Star Trek:  The Next Generation had a few cliffhangers.  Most of the seasons ended with some major plot twist, leaving the viewers to wait three months to see what happened.  Here, we only had to wait a week.  Captain Picard and Lieutenant Commander Data travel to Romulus to find out what happened to Ambassador Spock.  You see, Spock mysteriously left Vulcan and showed up on Romulus.  This has everyone worried because Spock was a Starfleet officer and Vulcan Ambassador, meaning he had his share of secrets.

At the end of Part I, Picard and Data find Spock.  Picard and Spock speak privately, where Picard tells Spock of the death of Sarek.  Spock claims to be on a mission of peace, which doesn’t really satisfy Picard.  There are more official ways of doing that.  Spock references the events of Star Trek VI, which would be released the following month.  (It comes across more as a name drop than anything else.)

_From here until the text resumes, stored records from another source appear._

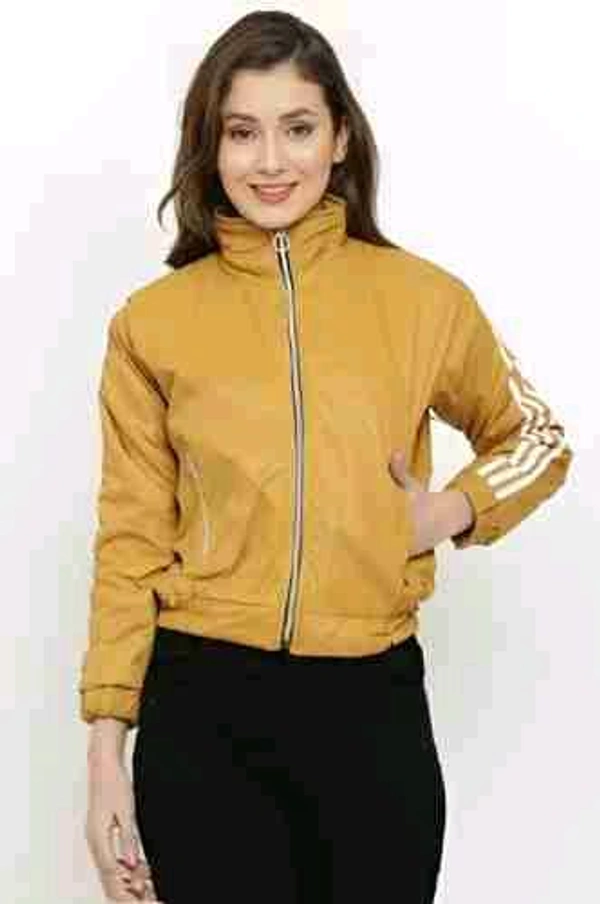 Women's High Neck Windcheater Jacket - Mustard Yellow, M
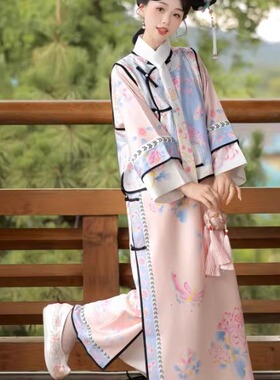 蝴蝶新款清代格格服新中式宫廷风斜襟清朝服饰旗装国风汉服女套装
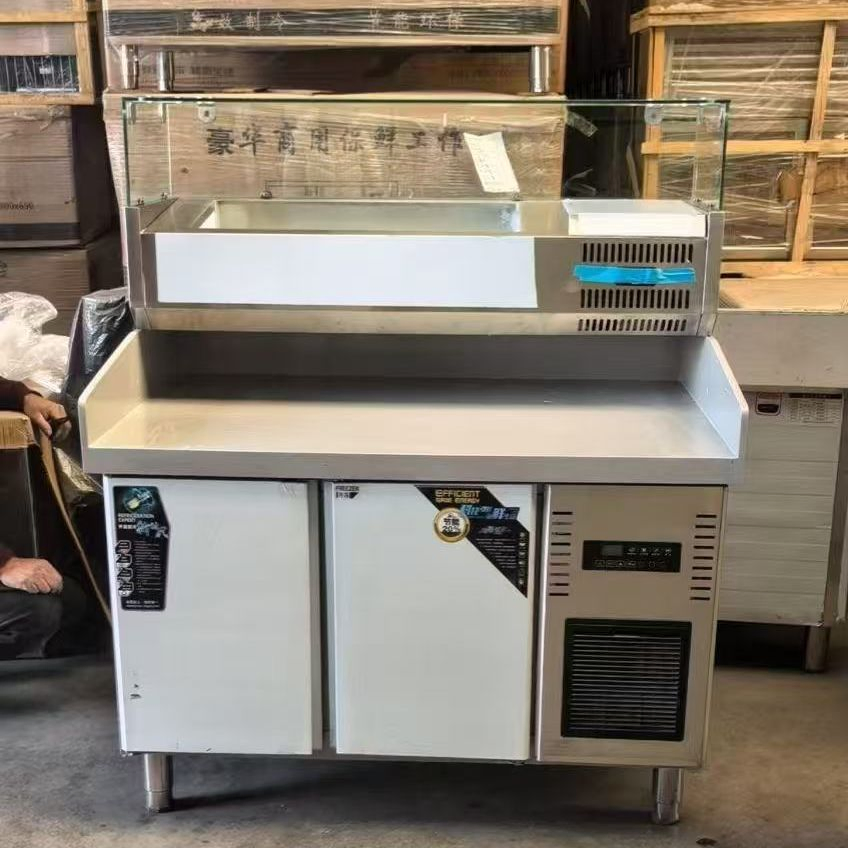 48" Commercial Refrigerated Pizza Prep Table Two Door with 8 Gn1/6 Pans and Marble Cutting Board with Large Space Marble Countertops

The reason Spock did it his way was that he was afraid of a repeat of the events of Star Trek VI, in which Spock helped tear down the barrier between the Federation and the Klingon Empire.  Because of a new proconsul, Spock feels that he can get Romulus to reunify with Vulcan.  While Romulans are still emotional and warlike, there is an element within the population that would like to know more.  There are elements within the senate, ostensibly like Pardek, that could work in Spock’s favor.  Yes, it’s possible that Spock is being played, but it’s worth the risk.  The payoff is too great.

Meanwhile, Riker, in charge of the Enterprise, discovers that an entire Vulcan ship has gone missing from a junkyard that doesn’t lose stuff.  What anyone would need with a Vulcan ship is anyone’s guess.  Riker is able to follow the trail, but it doesn’t turn up anything useful.  Things start to make sense when it’s revealed that Pardek is spying on Spock and the resistance.

It turns out that the Romulan government is sending not one but three Vulcan ships into Federation space, claiming to be a peace envoy from Romulus, compliments of Spock.  Things start to make sense.  Riker intercepts the Vulcan ships only to have a Romulan ship decloak and destroy all three ships.  The ships were actually an invasion force.   With the ruse busted, the Romulans cut their losses and go home.  Picard leaves Romulus with Spock staying behind, hoping to continue his work.  Yes, it’s idealistic, but it’s a worthwhile goal.

I remember wondering things when I first watched the episode.  I’ve seen it again recently and I have a few more.  First, how was Spock able to walk around Romulus?  Granted, he was being used for an invasion, but Vulcans and Romulans look dissimilar enough that someone would know that Spock isn’t a local.  Even if the government was telling security forces not to stop Spock, what would happen if someone didn’t get the memo?

The second issue is how the Romulans got three Vulcan ships into their space.  They were using intermediaries, but there’s a neutral zone between Federation and Romulan space.  No military vessel is supposed to enter the Neutral Zone.  I don’t know if this applies to civilian ships, but it seems odd that the Romulans wouldn’t complain about three ships entering there space.

For that matter, there’s no mention of Spock going to Romulas with anyone else.  No one thought to ask how Spock piloted three ships by himself?  Into enemy territory, no less.  All this to carry what was supposed to be a peace force back to Vulcan.  I would also think that one ship would have been enough to carry a small delegation of diplomats.  Why not keep the troops on the cloaked ship that the Romulans sent with the Vulcan ships?

I was wondering why the Romulans wanted to invade just Vulcan, but I guess it was an opportunity they couldn’t pass up.  I don’t know how they planned to hold the planet, as I’m not sure how deep Vulcan is in Federation space.  The entire thing seemed very flimsy to me.

Unification is a somewhat continuity-dependant story.  Those that haven’t seen the previous two seasons will probably be lost.  Those that haven’t seen the original series will probably know some of the major details, but will still be missing out on stuff.

This wasn’t one of my favorite episodes.  It was entertaining, but it raised too many questions for me.  Some episodes became less confusing with subsequent viewings.  These became more confusing.  If you’re watching on Netlflix, you might as well watch these episodes.  If your DVR misses them, it’s won’t really make subsequent episodes harder to watch.